2021年2月6日土曜日

アノマリーの異常な世界

アノマリー(=異常)という名前がよくないんだと思う。場の量子論を最初に学んだときには、それがどれだけ重要なのかピンときていなかった。なんかうまくいかないことでもあるんだろうな、まあ後でもいいか、そんな感じで素通りしてしまった。ほんとうは場の量子論のもっとも奥深い部分だと言ってもいいのかもしれない。いまもアノマリーに関係する、あるいはアノマリーを使う理論研究が次々と出てくる。正直に言うと、私は全然ついていけていないし、いまでもアノマリーの本当の意味をわかっていないんだと思う。とは言え、ここを避けて通るわけにもいかない。説明を試みてみよう。(アノマリーにもいろいろあるが、ここではいわゆる軸性アノマリーのことを指す。)

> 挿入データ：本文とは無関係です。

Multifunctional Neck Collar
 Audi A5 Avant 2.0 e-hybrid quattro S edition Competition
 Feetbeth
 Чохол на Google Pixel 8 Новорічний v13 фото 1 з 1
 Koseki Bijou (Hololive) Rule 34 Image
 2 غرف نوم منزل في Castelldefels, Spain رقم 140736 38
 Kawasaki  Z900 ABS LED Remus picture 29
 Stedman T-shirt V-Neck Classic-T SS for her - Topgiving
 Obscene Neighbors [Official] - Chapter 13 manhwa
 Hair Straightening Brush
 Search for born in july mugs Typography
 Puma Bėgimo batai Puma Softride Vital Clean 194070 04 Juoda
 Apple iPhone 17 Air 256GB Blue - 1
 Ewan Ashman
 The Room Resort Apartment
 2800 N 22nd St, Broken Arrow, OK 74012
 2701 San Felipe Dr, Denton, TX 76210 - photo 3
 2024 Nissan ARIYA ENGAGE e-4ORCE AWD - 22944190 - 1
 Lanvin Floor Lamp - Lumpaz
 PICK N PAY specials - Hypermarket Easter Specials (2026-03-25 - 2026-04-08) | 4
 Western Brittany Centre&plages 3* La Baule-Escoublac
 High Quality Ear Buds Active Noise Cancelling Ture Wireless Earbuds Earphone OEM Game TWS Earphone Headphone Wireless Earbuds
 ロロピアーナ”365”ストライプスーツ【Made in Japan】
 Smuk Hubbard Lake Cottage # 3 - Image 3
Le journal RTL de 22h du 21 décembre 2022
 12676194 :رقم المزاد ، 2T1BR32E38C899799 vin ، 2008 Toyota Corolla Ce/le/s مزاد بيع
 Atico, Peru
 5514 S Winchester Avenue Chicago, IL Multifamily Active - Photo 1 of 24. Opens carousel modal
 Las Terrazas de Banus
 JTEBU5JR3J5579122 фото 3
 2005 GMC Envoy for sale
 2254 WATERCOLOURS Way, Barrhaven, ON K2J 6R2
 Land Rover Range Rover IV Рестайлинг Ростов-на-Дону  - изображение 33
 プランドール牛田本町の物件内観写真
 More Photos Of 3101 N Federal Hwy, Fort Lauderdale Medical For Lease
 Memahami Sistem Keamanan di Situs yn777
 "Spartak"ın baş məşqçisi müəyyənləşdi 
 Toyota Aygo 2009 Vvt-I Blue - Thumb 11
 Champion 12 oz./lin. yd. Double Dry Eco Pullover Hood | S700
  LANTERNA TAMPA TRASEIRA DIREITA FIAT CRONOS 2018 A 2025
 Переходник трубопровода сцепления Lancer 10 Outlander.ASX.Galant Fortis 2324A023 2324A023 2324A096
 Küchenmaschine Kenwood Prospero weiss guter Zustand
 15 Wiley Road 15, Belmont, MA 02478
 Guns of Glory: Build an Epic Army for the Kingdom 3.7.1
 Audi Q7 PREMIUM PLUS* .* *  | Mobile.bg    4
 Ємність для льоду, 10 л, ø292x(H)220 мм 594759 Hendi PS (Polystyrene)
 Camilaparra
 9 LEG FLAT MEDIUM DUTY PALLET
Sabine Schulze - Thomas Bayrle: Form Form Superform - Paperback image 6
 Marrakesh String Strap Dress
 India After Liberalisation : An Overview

η’(エータ・プライム)中間子がパイ中間子よりもずいぶん重い、その理由には量子異常が深くかかわっている。量子異常とは、理論がもともと持っている対称性が「量子化」によって壊れてしまうこと。対称性とは、いまの場合、右巻きのクォークと左巻きのクォークを、それぞれ逆向きに位相回転する変換によるものを考える。クォークの質量というのは、右巻きと左巻きを混ぜる度合いのことを言うので、もしクォークの質量がゼロならクォーク場が満たすべき方程式は、この位相回転をおこなっても形が変わらない。この対称性が自発的に破れるかどうかが、クォークが勝手に質量をもつようになるかどうか、そしてさらにパイ中間子やエータ・プライム中間子が軽くなるかどうかを決めることになる。

「クォーク場が満たすべき方程式」と言った。ただし、量子論では方程式がすべてではない。量子化とはゆらぎを取り入れること。クォーク場も方程式にしたがって動くだけでなく、いろんな揺らぎを含むありとあらゆる可能性をすべて波動関数のなかに取り入れることになる。ここに発散という新たな問題があらわれる。場のゆらぎを波の波長で表現することにしよう。波長の長いゆらぎから、波長の短いものまでいろんなゆらぎを取り入れることになるが、空間には「最小の単位」というものはないので、ゆらぎの波長にも最小のものはなく、どこまでも短い波長のゆらぎが加わることになる。これをすべて加えていくと発散してしまうので、どうにかするために「くりこみ」が登場する。雑な言い方をすると、波長の短いゆらぎを足すのをどこかでやめるということだ。空間に最小の単位を設定してそれより短い波長の波は考えず、その範囲内で何とかする。そういう話だ。ところが、ここで問題が起こる。量子化によるゆらぎを取り入れつつ右巻きと左巻きのクォークに逆の位相回転を加えると、余計なものが生まれてしまうのだ。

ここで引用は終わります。